LLVM's Option library is very slow. In particular, it allocates at least
one large-ish heap object (Arg) for every argument. When PGO
instrumentation is enabled, all the __profd_* symbols are added to the
@llvm.used list, which compiles down to these /INCLUDE: directives. This
means we have O(#symbols) directives to parse in the section, so we end
up allocating an Arg for every function symbol in the object file. This
is unnecessary.

To address the issue and speed up the link, extend the fast path that we
already have for /EXPORT:, which has similar scaling issues.

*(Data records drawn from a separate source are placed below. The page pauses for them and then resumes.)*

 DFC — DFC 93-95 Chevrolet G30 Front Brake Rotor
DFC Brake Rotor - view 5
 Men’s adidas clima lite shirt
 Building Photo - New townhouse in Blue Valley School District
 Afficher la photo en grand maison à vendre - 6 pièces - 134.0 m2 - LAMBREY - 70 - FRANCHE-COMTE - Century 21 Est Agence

I promise that I took a hard look at optimizing the Option library, but
its data structures are very general and would need a lot of cleanup. We
have accumulated lots of optional features (option groups, aliases,
multiple values) over the years, and these are now properties of every
parsed argument, when the vast majority of arguments do not use these
features.

Diff Detail

Event Timeline

rnk created this revision.Apr 24 2020, 5:44 PM
Herald added a project: Restricted Project. · View Herald TranscriptApr 24 2020, 5:44 PM
thakis accepted this revision.Apr 24 2020, 7:12 PM

Nice!

This revision is now accepted and ready to land.Apr 24 2020, 7:12 PM

I promise that I took a hard look at optimizing the Option library, ... features. multiple values

Sigh, the only user of multiple values: https://reviews.llvm.org/D62070#2000628

aganea added a comment.EditedApr 25 2020, 9:46 AM

As for LLVMOptions, what prevents a BumpAllocator + placement new on the Arg(s)? Or is the perf. wasted somewhere else?

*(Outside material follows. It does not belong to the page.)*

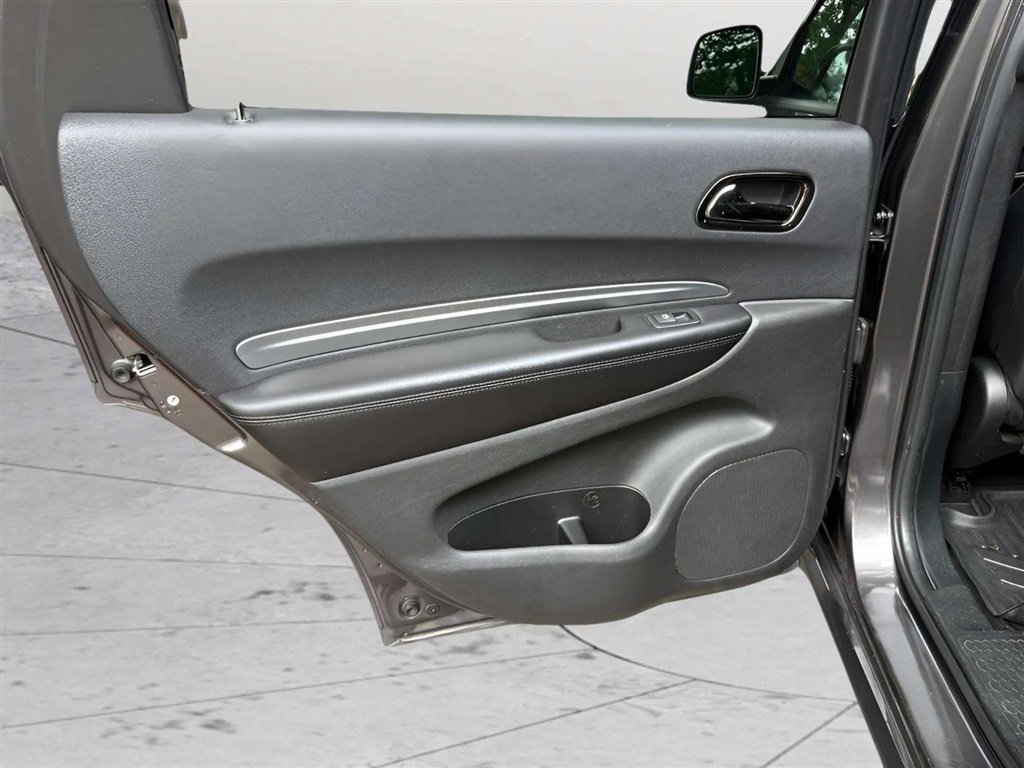 Used 2020 Dodge Durango GT AWD/4WD image 17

Side-node: I was profiling the build-time regression between Clang 9, 10 & 11 on building LLVM and building a few of our games, with and without debug info. There's a severe regression, +10% CPU without debug info, and +15 to +18% with debug info, from Clang 9 to 10. Clang 11 adds an extra +2%. Additionally, no matter from what angle I look, allocations in clang take 10.5%-11% of the total CPU time (on Windows with the standard heap allocator). Replacing the allocator reduces that to 3.5% CPU for allocations, and improves some bandwidth/cache-sensitive functions along the way, which effectively reduce CPU usage by 15% (compared to baseline Clang 10). But at the same time it swipes the issue under the carpet. This all seems related to the amount of (small) allocations in LLVM generally.

lld/COFF/Driver.h
51

Curious: how many includes do you have per .drective? It is worth calling .reserve() somehow before inserting? MS-STL has geometric increase of the std::vector buffer. If your .drective has many tokens, we would probably allocate & move memory several times per .drective. I think includes.reserve(tokensNum), exports.reserve(tokensNum) is better that the cost of re-alloc, even we're wasting a few extra memory. Unless you do a two-step parsing.

lld/COFF/DriverUtils.cpp
869

tokenize() allocates, ie. the returned std::vector doesn't .reserve() when constructed with a range (at least in MS STL 2019). That would be a good candidate for further optimization. Especially since you don't need the 'saver'.

rnk added a comment.Apr 28 2020, 10:11 AM

As for LLVMOptions, what prevents a BumpAllocator + placement new on the Arg(s)? Or is the perf. wasted somewhere else?

I think that's a good first step. After that, I would focus on making the object leaner. It is huge.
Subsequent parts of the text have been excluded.